## Exercise
Please quote exactly the lines below from the line containing "Terrasini Center Apartments Włochy" to the line containing "Ilikai Hotel - Foto 20", both lines included, and nothing else.

(Beginning of Exercise materials)

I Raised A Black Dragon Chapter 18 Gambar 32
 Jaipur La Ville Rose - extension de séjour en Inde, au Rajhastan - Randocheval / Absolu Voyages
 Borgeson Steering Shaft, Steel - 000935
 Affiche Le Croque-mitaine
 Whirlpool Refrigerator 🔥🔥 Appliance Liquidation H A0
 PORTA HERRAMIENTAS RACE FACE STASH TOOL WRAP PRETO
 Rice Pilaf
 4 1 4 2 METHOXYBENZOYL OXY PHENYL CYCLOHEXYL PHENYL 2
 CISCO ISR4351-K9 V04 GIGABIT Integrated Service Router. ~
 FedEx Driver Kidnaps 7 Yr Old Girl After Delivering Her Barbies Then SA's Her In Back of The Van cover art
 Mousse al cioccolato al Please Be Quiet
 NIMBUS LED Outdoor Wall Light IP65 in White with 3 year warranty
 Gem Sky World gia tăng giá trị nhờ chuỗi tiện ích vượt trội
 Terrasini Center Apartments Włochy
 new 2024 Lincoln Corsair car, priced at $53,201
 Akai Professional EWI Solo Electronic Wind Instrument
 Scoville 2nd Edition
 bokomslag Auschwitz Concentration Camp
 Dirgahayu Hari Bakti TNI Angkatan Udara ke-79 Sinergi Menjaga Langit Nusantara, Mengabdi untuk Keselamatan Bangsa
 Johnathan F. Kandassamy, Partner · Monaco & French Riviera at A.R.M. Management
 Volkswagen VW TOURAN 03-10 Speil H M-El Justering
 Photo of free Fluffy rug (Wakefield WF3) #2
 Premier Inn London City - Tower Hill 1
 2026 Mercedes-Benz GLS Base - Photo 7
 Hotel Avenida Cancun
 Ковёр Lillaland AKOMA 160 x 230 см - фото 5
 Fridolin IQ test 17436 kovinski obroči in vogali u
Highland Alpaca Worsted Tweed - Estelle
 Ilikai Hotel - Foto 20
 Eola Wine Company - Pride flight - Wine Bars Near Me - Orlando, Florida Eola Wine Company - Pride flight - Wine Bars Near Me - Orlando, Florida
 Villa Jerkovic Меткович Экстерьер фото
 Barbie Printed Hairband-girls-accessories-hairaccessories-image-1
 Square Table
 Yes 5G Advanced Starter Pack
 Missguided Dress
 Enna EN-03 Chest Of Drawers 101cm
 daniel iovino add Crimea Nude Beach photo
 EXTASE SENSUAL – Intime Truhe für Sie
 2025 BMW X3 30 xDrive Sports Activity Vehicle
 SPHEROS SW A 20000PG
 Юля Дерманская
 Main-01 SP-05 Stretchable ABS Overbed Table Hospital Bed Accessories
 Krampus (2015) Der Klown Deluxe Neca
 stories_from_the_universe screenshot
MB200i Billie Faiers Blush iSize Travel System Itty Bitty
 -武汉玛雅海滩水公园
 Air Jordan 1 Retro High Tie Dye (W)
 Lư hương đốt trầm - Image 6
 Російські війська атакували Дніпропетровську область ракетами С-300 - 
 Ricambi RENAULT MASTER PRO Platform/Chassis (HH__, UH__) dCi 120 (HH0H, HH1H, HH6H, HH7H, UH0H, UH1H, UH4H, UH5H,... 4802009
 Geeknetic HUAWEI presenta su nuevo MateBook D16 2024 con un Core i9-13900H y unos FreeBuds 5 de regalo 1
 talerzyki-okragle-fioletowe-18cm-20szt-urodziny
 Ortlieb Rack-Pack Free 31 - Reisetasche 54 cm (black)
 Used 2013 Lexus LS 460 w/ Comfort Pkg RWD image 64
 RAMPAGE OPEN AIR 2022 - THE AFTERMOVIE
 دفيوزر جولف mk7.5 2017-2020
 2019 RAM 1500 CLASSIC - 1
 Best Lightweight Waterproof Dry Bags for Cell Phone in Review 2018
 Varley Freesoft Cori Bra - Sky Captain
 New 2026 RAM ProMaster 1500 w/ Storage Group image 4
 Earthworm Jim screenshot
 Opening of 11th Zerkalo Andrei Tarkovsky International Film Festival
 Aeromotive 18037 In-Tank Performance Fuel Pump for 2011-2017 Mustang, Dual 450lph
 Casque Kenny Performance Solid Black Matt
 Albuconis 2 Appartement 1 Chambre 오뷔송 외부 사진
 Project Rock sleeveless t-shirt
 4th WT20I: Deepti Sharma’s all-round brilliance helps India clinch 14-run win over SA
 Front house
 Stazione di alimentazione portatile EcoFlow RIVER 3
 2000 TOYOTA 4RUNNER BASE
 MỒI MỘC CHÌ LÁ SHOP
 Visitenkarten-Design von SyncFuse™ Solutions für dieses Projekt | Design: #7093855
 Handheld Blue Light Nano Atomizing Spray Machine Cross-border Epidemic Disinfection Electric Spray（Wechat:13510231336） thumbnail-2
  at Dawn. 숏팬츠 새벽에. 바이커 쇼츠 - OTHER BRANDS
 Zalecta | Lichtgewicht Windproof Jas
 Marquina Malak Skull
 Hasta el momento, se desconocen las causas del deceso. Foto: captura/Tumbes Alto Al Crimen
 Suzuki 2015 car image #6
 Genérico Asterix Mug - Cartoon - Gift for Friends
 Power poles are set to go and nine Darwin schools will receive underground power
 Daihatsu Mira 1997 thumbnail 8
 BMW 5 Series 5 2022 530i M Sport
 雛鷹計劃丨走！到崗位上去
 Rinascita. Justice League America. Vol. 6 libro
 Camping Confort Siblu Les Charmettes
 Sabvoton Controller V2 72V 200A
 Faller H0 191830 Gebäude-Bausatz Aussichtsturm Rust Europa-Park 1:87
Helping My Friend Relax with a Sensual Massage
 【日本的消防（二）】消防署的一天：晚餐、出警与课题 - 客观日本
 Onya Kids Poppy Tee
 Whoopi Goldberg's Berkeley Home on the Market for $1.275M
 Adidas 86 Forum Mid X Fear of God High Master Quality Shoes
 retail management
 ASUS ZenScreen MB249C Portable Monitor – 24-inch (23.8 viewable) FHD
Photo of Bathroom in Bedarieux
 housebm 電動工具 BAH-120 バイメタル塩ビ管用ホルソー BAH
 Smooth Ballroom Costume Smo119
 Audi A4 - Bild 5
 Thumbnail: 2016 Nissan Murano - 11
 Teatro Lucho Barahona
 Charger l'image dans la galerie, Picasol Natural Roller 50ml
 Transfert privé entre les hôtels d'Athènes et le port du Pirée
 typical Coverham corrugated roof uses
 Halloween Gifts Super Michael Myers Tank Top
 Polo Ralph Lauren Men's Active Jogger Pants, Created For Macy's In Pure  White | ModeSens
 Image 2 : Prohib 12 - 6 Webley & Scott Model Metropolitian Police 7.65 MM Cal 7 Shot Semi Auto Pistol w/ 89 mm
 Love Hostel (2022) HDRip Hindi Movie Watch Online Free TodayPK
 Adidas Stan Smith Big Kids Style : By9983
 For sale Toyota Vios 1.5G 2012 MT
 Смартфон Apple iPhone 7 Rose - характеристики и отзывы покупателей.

(End of Exercise materials)

## Task output
 Terrasini Center Apartments Włochy
 new 2024 Lincoln Corsair car, priced at $53,201
 Akai Professional EWI Solo Electronic Wind Instrument
 Scoville 2nd Edition
 bokomslag Auschwitz Concentration Camp
 Dirgahayu Hari Bakti TNI Angkatan Udara ke-79 Sinergi Menjaga Langit Nusantara, Mengabdi untuk Keselamatan Bangsa
 Johnathan F. Kandassamy, Partner · Monaco & French Riviera at A.R.M. Management
 Volkswagen VW TOURAN 03-10 Speil H M-El Justering
 Photo of free Fluffy rug (Wakefield WF3) #2
 Premier Inn London City - Tower Hill 1
 2026 Mercedes-Benz GLS Base - Photo 7
 Hotel Avenida Cancun
 Ковёр Lillaland AKOMA 160 x 230 см - фото 5
 Fridolin IQ test 17436 kovinski obroči in vogali u
Highland Alpaca Worsted Tweed - Estelle
 Ilikai Hotel - Foto 20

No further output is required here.